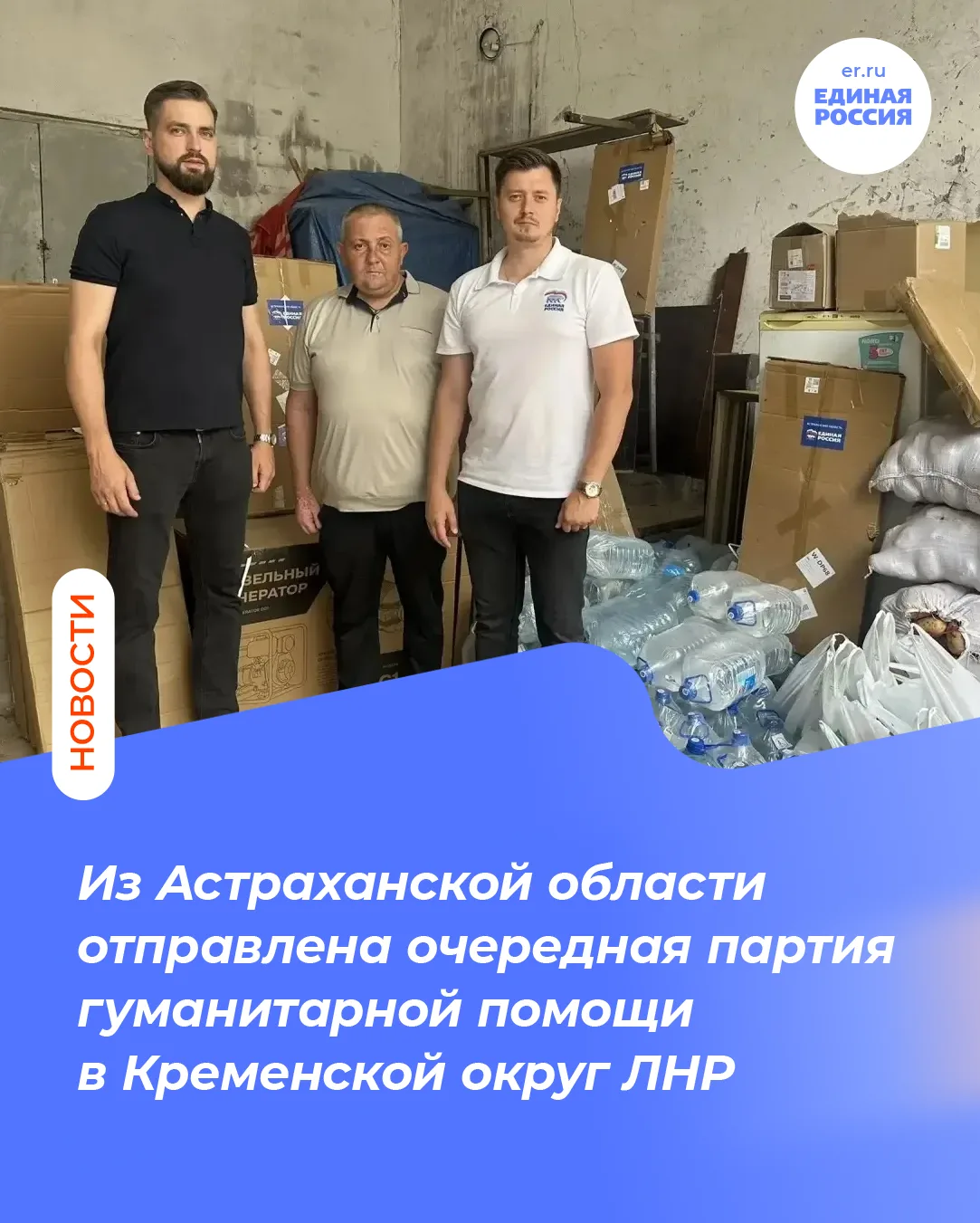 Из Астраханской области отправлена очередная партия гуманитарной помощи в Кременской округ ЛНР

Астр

* * *

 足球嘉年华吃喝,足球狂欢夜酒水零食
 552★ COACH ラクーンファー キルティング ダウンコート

# What is expected
Restate word for word the entries above, starting at the line with "足球嘉年华吃喝,足球狂欢夜酒水零食" and ending at the line with "552★ COACH ラクーンファー キルティング ダウンコート", inclusive, and no others.

# Finished task
 足球嘉年华吃喝,足球狂欢夜酒水零食
 552★ COACH ラクーンファー キルティング ダウンコート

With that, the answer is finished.